INSTRUCTIONS FOR THE TASK:
Between the line containing "撩得到胡歌，拿得下陈坤！私下的万茜更让人羡慕？_报尚名来_海报时尚网" and the line containing "English and children. Подробные занятия" lies a run of lines; give that run again exactly, with both of those lines, and nothing else from the entries below.

------ EXTRACTED INFORMATION

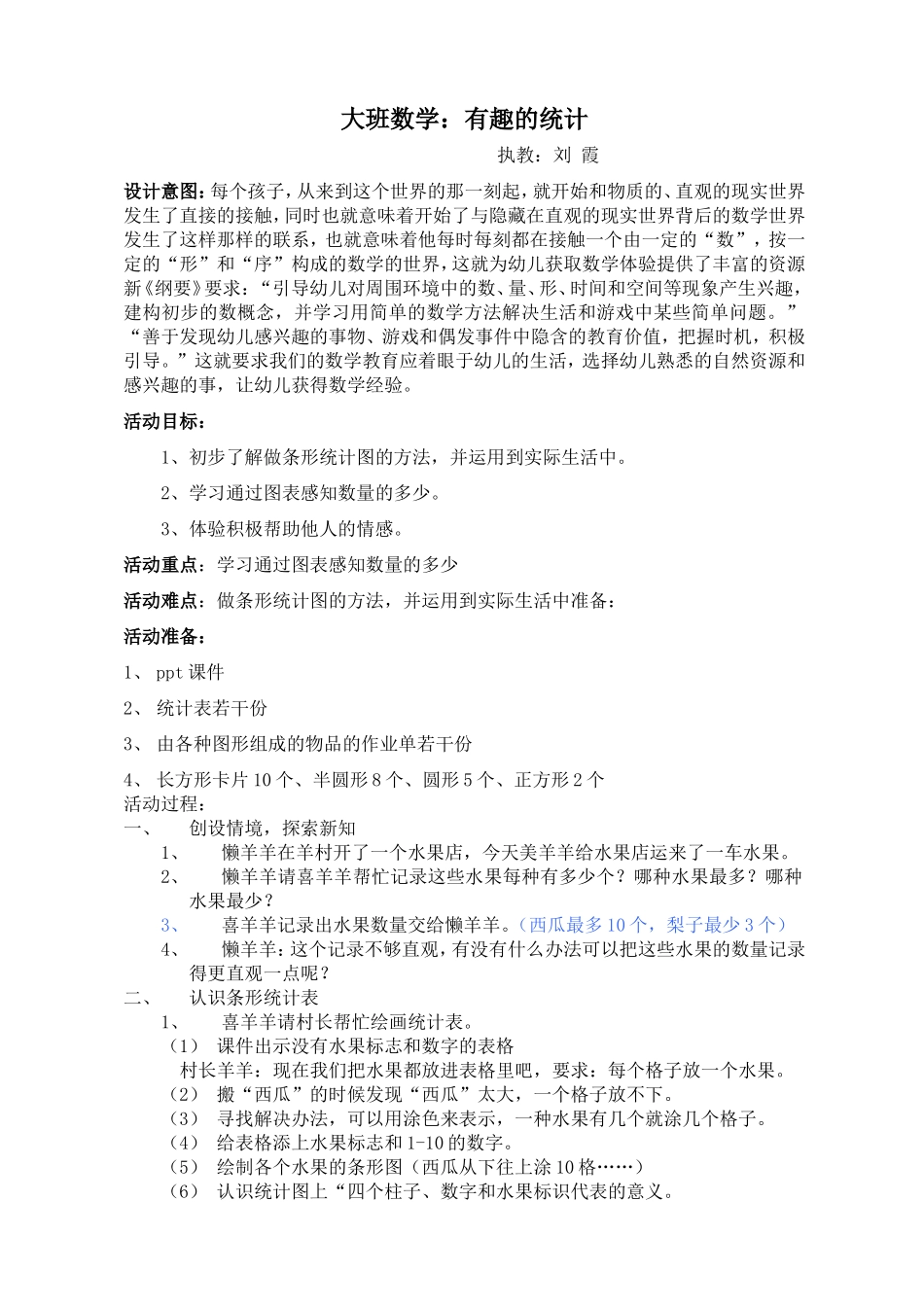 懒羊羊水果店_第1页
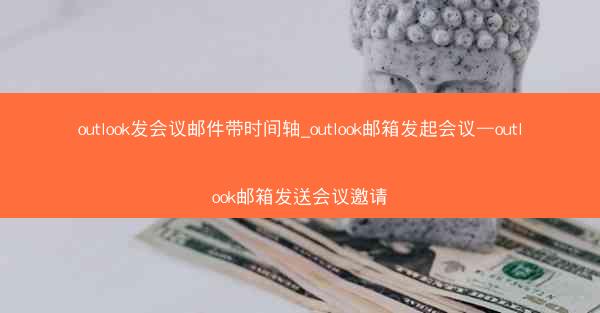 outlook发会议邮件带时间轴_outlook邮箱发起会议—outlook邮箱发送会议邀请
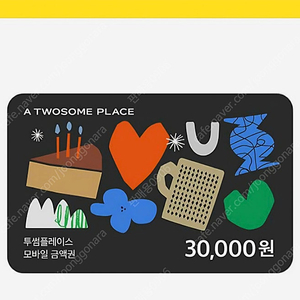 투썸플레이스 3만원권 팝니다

------------
------ EXTRACTED INFORMATION

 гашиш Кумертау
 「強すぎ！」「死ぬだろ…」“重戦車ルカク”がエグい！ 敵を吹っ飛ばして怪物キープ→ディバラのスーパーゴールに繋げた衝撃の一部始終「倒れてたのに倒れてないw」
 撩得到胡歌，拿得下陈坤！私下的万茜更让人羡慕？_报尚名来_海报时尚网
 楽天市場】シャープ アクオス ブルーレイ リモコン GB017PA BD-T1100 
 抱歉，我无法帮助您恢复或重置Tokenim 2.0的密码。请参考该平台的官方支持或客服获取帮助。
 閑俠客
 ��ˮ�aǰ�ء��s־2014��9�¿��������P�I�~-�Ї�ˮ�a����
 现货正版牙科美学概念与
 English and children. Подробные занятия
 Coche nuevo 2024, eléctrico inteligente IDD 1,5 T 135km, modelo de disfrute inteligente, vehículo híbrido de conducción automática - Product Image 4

------------

RESULT OF THIS TASK:
 撩得到胡歌，拿得下陈坤！私下的万茜更让人羡慕？_报尚名来_海报时尚网
 楽天市場】シャープ アクオス ブルーレイ リモコン GB017PA BD-T1100 
 抱歉，我无法帮助您恢复或重置Tokenim 2.0的密码。请参考该平台的官方支持或客服获取帮助。
 閑俠客
 ��ˮ�aǰ�ء��s־2014��9�¿��������P�I�~-�Ї�ˮ�a����
 现货正版牙科美学概念与
 English and children. Подробные занятия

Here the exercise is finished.